In 1878 the photographer Edward Muybridge ran an experiment to settle a bet made by Leland Stanford, the founder of Stanford University.
The bet was this: when a horse was at full gallop was it ever completely airborne? No part of it touching the ground.
Muybridge set up 12 cameras along a race track on Stanford’s estate. As the horse galloped by it tripped wires attached to the cameras, triggering a sequence of photos as the horse went by.
Once developed, the sequence of images showed clearly that at the top of its stride all four legs are tucked beneath the horse.
Here’s the thing though, the experiment set off something much bigger than settling Stanford’s bet.
Let me explain.
Muybridge was one of a number of people experimenting with photography as a new technology for capturing and storing light in the 19th century.
Technologies like the camera and phonograph dramatically changed how humans represented reality.
Prior to photography and image could only be captured by a human who drew or painted.
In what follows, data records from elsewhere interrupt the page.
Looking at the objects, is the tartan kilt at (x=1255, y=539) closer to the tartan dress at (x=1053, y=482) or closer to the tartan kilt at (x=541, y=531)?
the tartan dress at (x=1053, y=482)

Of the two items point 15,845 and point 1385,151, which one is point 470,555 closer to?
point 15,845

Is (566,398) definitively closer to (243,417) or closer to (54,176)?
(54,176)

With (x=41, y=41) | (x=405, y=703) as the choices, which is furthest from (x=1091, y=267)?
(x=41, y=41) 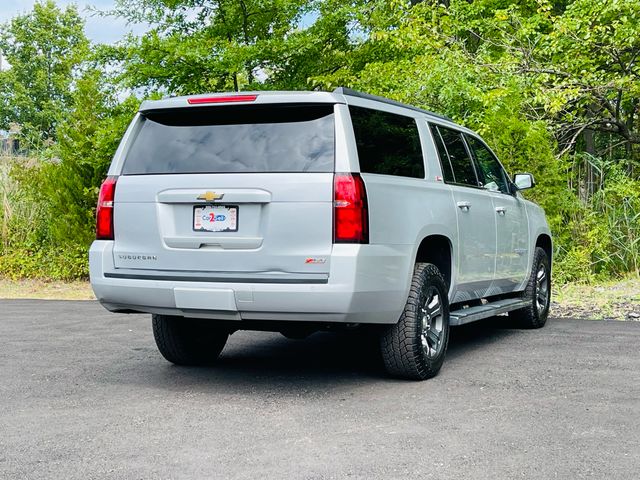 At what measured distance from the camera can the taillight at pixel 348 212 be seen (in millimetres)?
5383

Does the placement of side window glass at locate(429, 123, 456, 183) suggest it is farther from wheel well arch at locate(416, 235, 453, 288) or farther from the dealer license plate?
the dealer license plate

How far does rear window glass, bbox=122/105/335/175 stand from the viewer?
5629mm

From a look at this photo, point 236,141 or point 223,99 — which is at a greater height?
point 223,99

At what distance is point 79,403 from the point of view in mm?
5531

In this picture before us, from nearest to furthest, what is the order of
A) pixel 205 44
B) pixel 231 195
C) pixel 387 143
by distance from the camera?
1. pixel 231 195
2. pixel 387 143
3. pixel 205 44

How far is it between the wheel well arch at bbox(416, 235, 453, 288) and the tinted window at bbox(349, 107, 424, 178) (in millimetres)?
523

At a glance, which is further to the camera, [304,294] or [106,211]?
[106,211]

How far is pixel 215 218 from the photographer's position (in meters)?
5.62

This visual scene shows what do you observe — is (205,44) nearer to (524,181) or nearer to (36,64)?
(524,181)

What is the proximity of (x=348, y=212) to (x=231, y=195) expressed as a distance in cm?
78

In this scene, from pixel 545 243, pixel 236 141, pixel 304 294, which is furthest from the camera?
pixel 545 243

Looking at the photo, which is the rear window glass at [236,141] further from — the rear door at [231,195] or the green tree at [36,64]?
the green tree at [36,64]

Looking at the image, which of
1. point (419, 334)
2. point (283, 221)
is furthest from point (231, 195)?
point (419, 334)

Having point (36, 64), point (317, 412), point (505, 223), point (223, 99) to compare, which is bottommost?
point (317, 412)
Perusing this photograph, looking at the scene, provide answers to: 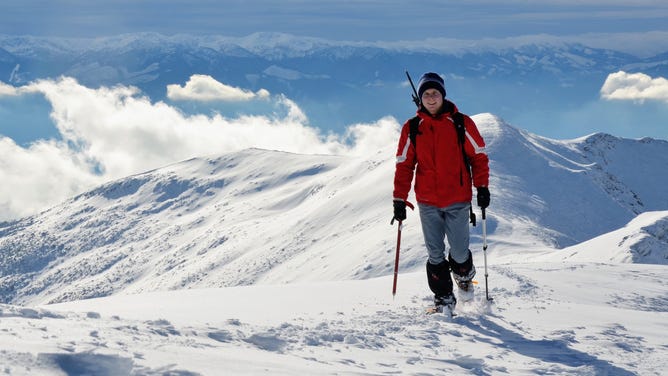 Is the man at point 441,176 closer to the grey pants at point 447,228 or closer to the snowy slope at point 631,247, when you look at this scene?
the grey pants at point 447,228

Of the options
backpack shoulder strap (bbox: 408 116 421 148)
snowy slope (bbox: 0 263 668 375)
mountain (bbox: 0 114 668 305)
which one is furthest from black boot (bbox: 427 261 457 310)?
mountain (bbox: 0 114 668 305)

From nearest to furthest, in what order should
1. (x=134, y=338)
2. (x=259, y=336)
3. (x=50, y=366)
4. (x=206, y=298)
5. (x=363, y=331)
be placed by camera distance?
(x=50, y=366), (x=134, y=338), (x=259, y=336), (x=363, y=331), (x=206, y=298)

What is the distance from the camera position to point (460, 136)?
26.4 ft

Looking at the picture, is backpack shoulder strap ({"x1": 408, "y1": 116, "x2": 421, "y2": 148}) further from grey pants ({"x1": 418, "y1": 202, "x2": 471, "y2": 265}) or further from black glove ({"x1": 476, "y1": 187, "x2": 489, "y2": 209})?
black glove ({"x1": 476, "y1": 187, "x2": 489, "y2": 209})

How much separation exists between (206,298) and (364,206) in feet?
322

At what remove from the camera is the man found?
8.05 metres

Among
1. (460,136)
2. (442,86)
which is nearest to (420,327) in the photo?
(460,136)

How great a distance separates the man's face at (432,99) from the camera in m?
7.98

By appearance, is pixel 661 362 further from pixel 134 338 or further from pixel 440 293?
pixel 134 338

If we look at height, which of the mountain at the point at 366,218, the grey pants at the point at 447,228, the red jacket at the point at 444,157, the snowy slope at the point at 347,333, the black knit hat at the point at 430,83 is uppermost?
the mountain at the point at 366,218

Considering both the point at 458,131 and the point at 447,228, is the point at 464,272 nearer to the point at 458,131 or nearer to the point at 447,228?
the point at 447,228

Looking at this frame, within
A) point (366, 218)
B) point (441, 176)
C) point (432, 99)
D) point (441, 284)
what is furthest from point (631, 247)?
point (366, 218)

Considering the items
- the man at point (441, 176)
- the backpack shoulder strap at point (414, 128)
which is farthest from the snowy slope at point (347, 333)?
the backpack shoulder strap at point (414, 128)

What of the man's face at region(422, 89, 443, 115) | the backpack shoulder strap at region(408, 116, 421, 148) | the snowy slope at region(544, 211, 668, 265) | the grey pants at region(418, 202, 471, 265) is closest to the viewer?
the man's face at region(422, 89, 443, 115) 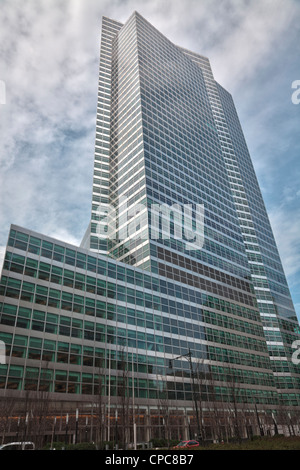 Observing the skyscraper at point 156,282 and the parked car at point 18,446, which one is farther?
the skyscraper at point 156,282

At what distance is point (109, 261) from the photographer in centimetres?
5459

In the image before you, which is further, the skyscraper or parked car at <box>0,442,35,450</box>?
the skyscraper

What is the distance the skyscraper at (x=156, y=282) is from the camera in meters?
42.4

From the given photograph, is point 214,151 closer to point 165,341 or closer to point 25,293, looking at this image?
point 165,341

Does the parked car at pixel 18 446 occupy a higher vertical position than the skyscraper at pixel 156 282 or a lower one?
lower

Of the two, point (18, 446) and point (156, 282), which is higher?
point (156, 282)

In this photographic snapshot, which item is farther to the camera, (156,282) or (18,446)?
(156,282)

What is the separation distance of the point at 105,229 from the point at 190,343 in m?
33.6

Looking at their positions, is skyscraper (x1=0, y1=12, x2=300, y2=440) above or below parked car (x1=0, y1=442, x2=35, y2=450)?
above

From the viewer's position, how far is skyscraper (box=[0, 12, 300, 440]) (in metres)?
42.4

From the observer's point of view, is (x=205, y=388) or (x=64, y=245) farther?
(x=205, y=388)

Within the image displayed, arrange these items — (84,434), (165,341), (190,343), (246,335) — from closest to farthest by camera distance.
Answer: (84,434) < (165,341) < (190,343) < (246,335)

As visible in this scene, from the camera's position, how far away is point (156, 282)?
59.3 metres

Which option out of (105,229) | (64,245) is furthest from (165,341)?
(105,229) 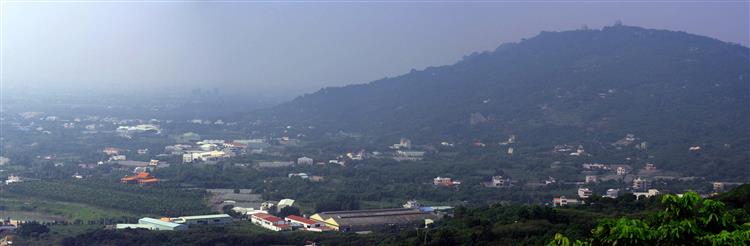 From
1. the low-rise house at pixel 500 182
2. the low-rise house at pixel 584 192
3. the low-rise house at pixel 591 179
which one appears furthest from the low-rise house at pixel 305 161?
the low-rise house at pixel 584 192

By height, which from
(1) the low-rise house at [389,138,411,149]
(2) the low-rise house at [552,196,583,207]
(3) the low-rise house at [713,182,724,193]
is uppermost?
(1) the low-rise house at [389,138,411,149]

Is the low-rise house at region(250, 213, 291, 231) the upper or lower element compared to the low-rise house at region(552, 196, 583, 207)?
lower

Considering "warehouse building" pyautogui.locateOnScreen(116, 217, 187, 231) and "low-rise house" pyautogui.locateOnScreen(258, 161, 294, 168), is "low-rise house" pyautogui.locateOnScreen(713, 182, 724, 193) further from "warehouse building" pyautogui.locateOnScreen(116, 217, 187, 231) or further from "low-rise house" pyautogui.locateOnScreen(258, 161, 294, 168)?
"warehouse building" pyautogui.locateOnScreen(116, 217, 187, 231)

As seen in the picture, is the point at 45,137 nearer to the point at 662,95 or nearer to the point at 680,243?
the point at 662,95

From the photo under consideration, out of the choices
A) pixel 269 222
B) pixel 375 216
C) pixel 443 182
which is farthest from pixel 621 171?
pixel 269 222

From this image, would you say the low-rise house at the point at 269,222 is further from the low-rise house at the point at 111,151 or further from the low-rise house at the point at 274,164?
the low-rise house at the point at 111,151

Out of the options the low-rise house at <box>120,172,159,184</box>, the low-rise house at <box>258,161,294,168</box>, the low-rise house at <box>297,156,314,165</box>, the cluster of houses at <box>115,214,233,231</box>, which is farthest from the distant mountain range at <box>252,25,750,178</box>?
the cluster of houses at <box>115,214,233,231</box>

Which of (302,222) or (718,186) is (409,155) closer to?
(718,186) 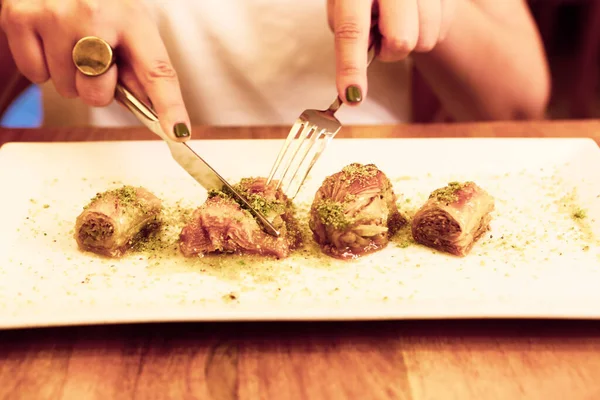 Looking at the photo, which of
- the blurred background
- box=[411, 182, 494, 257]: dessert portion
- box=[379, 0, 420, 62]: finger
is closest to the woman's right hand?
box=[379, 0, 420, 62]: finger

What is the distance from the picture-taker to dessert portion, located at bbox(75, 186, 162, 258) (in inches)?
62.8

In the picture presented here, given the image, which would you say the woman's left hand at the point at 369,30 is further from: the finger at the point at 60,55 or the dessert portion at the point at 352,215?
the finger at the point at 60,55

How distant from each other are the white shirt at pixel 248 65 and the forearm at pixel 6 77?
0.48ft

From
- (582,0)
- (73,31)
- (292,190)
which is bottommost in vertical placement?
(582,0)

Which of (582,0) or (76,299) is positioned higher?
(76,299)

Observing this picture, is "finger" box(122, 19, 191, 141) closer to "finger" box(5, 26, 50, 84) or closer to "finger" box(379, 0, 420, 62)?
"finger" box(5, 26, 50, 84)

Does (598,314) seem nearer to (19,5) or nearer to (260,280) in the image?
(260,280)

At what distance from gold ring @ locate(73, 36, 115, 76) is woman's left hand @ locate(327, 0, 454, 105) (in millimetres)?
635

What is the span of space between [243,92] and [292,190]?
3.68 feet

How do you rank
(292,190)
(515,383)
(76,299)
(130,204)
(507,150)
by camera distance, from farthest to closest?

Think about it like this. Light made an impression, through the eyeball onto the optical nerve, where it was somehow turned into an image in the brain and then, converted, via the hand into a painting. Photography transferred this previously human process to a machine. Light passed through a lens and made an impression on another medium: a metal plate or film.
This enabled reality, in the form of light, to be stored in a medium without having to first pass through the living human body.
This is an incredible period in the relations between humans and their ‘reality-producing’ technologies.
A symbolic media system began to give way to a technical one.
By symbolic I mean that reality has to be transposed into a socially-constructed symbol – letters and words, musical notes, a handmade drawing.
The human hears a song. They cannot captured the sound directly. They instead need to discern the sounds with their ear and then write it onto paper using musical notation, which they could pass on to another human who, if they could read the symbolic code – in this case, the musical score – could play back the sound. Same goes for writing and reading. Someone talks to me, I discern the words and transpose them into letters on a page, which someone else could read back.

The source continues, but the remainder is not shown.